Polar Geophysics
Seismological Observatory at Maitri, East Antarctica
Antarctica is the world's greatest natural laboratory and attracts scientists from across the globe for research. It provides a stable platform for carrying out a wide range of scientific investigations. Being far away from major industrial regions, Antarctica remains one of the most unpolluted areas on Earth, making it an ideal location to monitor environmental and climatic changes affecting the entire planet.
Antarctica is the coldest, windiest, and stormiest continent in the world, covering an area of about 14 million square kilometres. It is often called a “pulsating continent” because its size changes with the seasons. During winter, the ocean surrounding the continent freezes, and sea ice expands hundreds of kilometres outward. As summer approaches, this ice breaks up and retreats.
Locations of major permanent and seasonal research stations across Antarctica operated by different countries.
The continent has extremely harsh terrain and severe climatic conditions. The world's lowest recorded temperature of -89.6 °C was measured here near the geomagnetic pole. Wind speeds can exceed 250 km per hour, and blizzards may last for several days, reducing visibility to only a few metres. Nearly 98% of Antarctica is covered by a thick ice sheet, with ice thickness ranging from about 800 metres to 4.5 kilometres. The remaining 2% of the land is exposed as small rock outcrops and mountain ranges.
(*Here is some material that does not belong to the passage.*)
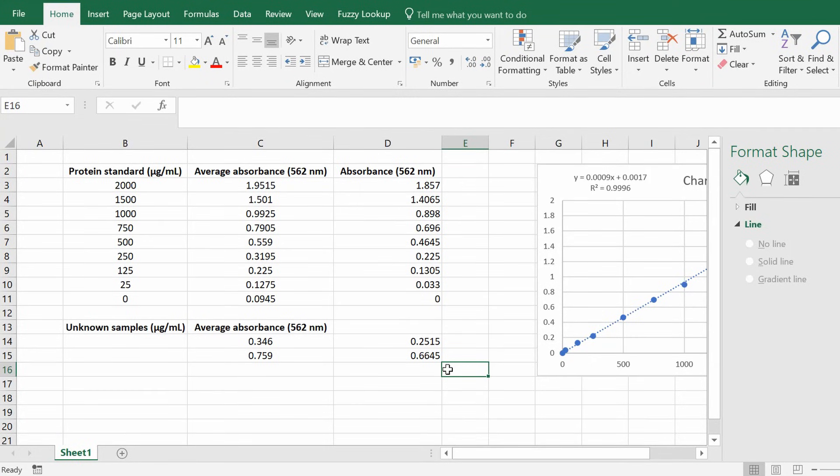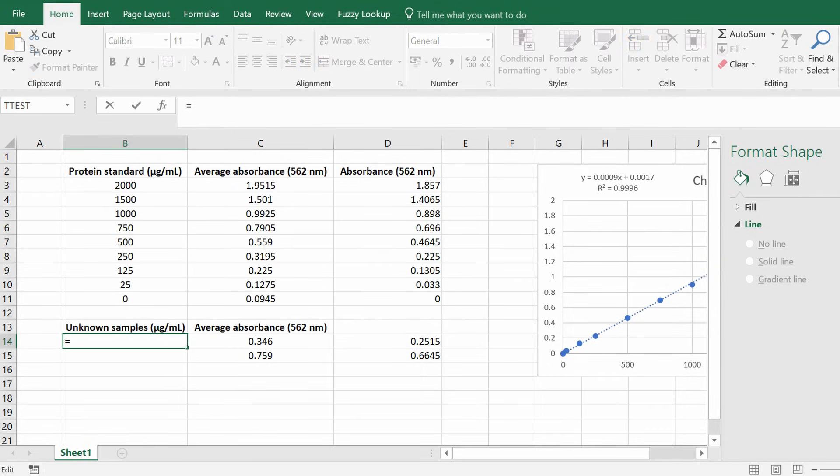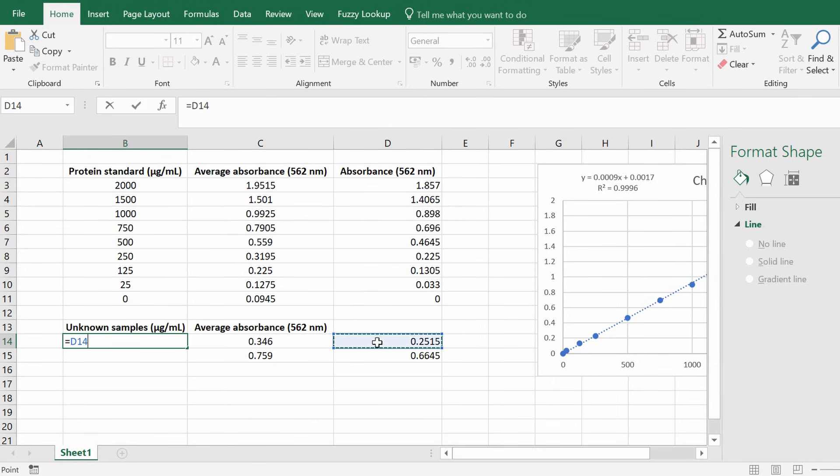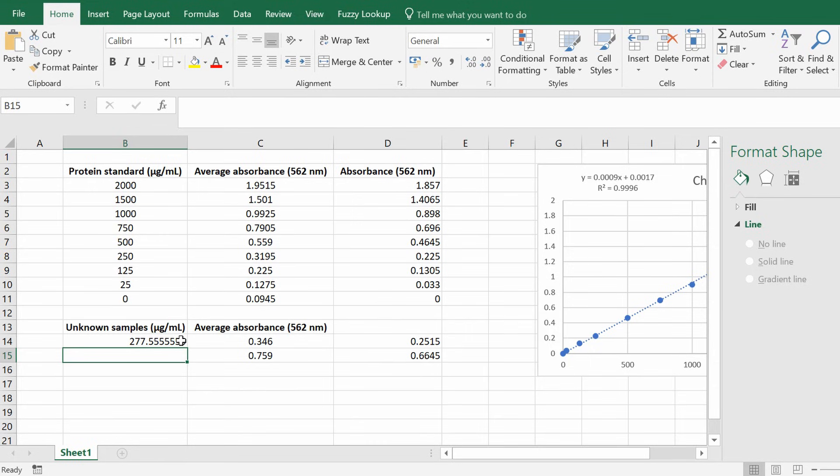So now we have the equation rearranged we can now find out what our unknown samples are. So to do this I'm just going to enter the first sample in the first cell of the unknown samples box and I'm going to click equals and then I'm going to select the absorbance value which has been background corrected for the first sample. So this one's 0.2515. Then I'm going to minus, remembering from the rearranged equation minus 0.0017. Then I'm going to put all of that in brackets and then divide all of this by 0.0009 and then click the enter key.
At present, about 30 countries are actively involved in scientific research in Antarctica. These countries are signatories to the Antarctic Treaty, which is mandatory for operating research stations on the continent. The population at Antarctic research stations varies seasonally, with around 4000 scientists and support personnel during summer and about 1000 during the winter months (around June). The primary objective of the Antarctic Treaty is to ensure that Antarctica is used exclusively for peaceful purposes and scientific research, in the interest of all humanity, and that it does not become a source of international conflict.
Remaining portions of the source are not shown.